◆ **Your task**
Look through the records and copy every line in which "with" appears.

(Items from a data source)
Content starts

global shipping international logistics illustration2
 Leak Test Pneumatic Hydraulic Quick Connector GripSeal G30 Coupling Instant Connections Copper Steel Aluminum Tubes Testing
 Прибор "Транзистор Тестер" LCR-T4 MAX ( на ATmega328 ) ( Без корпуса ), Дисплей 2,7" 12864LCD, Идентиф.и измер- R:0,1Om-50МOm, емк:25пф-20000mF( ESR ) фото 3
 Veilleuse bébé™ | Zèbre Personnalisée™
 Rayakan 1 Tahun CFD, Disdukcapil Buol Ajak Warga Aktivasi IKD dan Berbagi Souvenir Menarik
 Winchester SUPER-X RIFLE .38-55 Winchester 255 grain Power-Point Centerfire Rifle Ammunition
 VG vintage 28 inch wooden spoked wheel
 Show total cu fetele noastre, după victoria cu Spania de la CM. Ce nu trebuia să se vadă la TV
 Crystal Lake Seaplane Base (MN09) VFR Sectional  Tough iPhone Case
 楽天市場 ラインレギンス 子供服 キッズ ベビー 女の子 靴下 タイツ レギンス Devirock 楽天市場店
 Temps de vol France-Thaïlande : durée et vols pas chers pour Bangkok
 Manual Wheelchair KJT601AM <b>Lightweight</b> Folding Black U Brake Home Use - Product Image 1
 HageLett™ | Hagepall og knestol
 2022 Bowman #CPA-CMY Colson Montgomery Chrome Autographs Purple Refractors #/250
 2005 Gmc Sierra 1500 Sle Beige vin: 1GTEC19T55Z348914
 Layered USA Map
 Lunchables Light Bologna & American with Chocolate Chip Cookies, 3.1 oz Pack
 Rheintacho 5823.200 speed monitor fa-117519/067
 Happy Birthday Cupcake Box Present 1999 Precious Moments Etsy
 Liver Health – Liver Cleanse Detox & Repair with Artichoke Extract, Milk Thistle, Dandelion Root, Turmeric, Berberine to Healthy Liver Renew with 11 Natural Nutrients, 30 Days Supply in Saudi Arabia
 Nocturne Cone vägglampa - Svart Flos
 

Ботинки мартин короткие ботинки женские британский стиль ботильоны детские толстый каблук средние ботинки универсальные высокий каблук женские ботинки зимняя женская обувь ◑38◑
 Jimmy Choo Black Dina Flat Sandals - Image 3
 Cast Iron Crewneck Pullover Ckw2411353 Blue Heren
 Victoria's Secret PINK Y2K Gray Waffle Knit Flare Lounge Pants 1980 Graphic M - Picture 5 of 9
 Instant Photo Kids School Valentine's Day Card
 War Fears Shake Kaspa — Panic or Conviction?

Content ends

◆ **Output**
 Lunchables Light Bologna & American with Chocolate Chip Cookies, 3.1 oz Pack
 Liver Health – Liver Cleanse Detox & Repair with Artichoke Extract, Milk Thistle, Dandelion Root, Turmeric, Berberine to Healthy Liver Renew with 11 Natural Nutrients, 30 Days Supply in Saudi Arabia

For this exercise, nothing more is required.